Step 3 begins with loading the magrittr package to get the %>% operator, which will allow piping. We then use R indexing with the binary columns_of_interest factor to select the names of columns we want and send it to the forcats as_factor() function to get a factor object for our grouping variable. Sample grouping information is basically a factor that tells us which samples are replications of the same thing and it's important for the experimental design description. You can see an expanded description of these grouping/factor objects in step 3 in Recipe 1.

In Step 4, we use indexing to extract the columns of data we want to actually analyze.

By Step 5, we are into the actual analysis section.

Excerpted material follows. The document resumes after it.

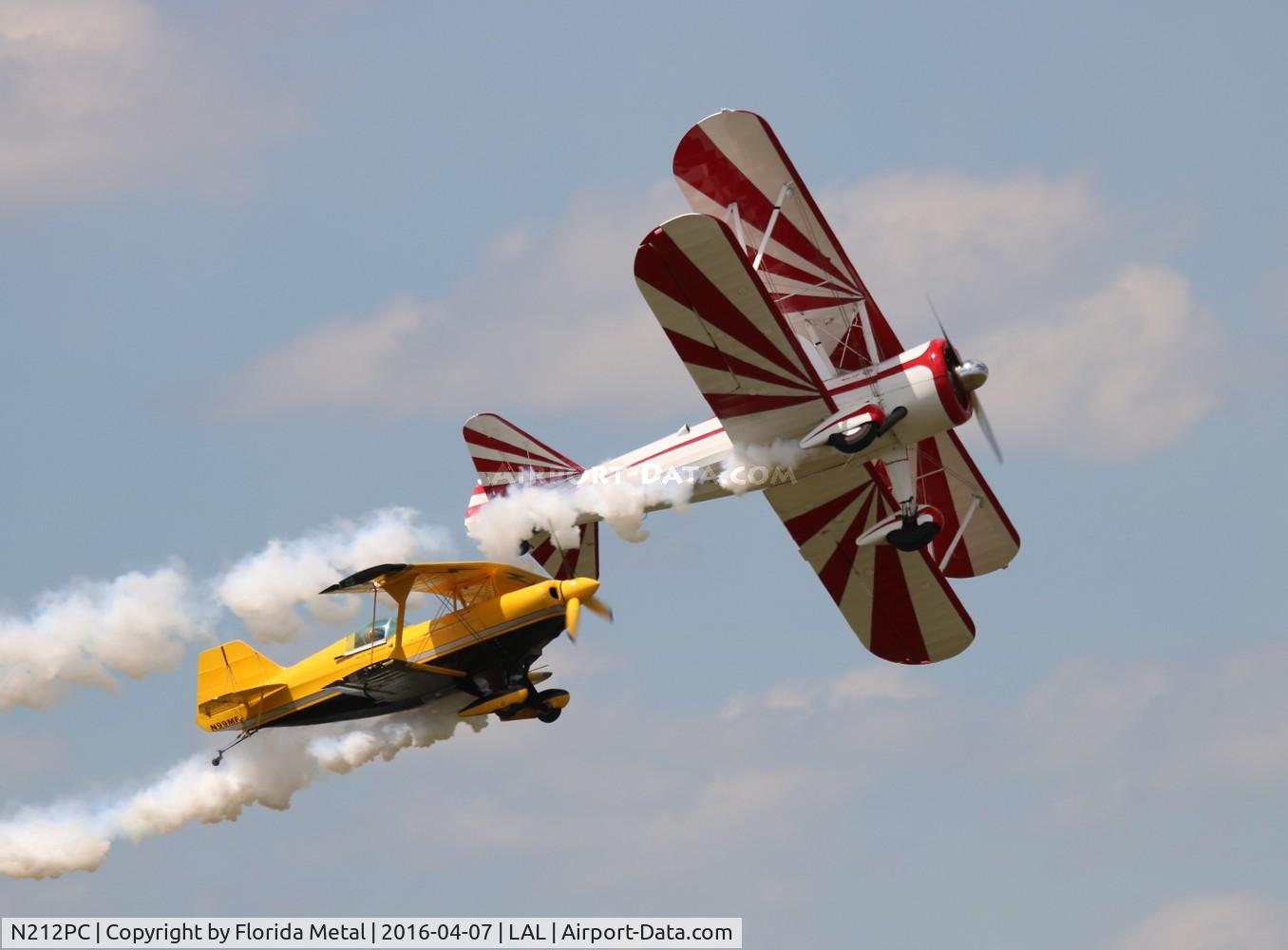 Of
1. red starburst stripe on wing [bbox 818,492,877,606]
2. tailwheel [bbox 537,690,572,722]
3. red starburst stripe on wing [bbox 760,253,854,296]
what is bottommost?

First, we convert our matrix of counts into a DESeqDataSet object; this can be done with the conversion function, DESeqDataSetFromMatrix(), passing in the counts, the groups, and a design. The design is in the form of an R formula, hence, the ~ stage annotation.

In Step 6, we perform the actual analysis using the DESeq() function on the dds DESeqDataSet object and in Step 7, we get the results into the res variable using the results() function. The output has the following six columns:

baseMean log2FoldChange lfcSE stat pvalue padj

This shows the mean counts, the log2 fold change between samples for a gene, the standard error of the log2 fold change, the Wald statistic, and the raw and adjusted P value. The padj column for adjusted P values is the one most commonly used for concluding about significance.

Steps 1 and 2 show how to do the same procedure starting from the eset object. It only takes two short steps because DESeq2 is set up to work a lot more nicely with Bioconductor objects than edgeR is. In step 8, we load the eset data with the load() function. Then we use the makeSummarizedExperimentFromExpressionSet() function from the SummarizedExperiment Bioconductor package to convert eset into SummarizedExperiment, which can be used directly in the DESeq() function in step 9. This step works exactly as steps 6 and 7.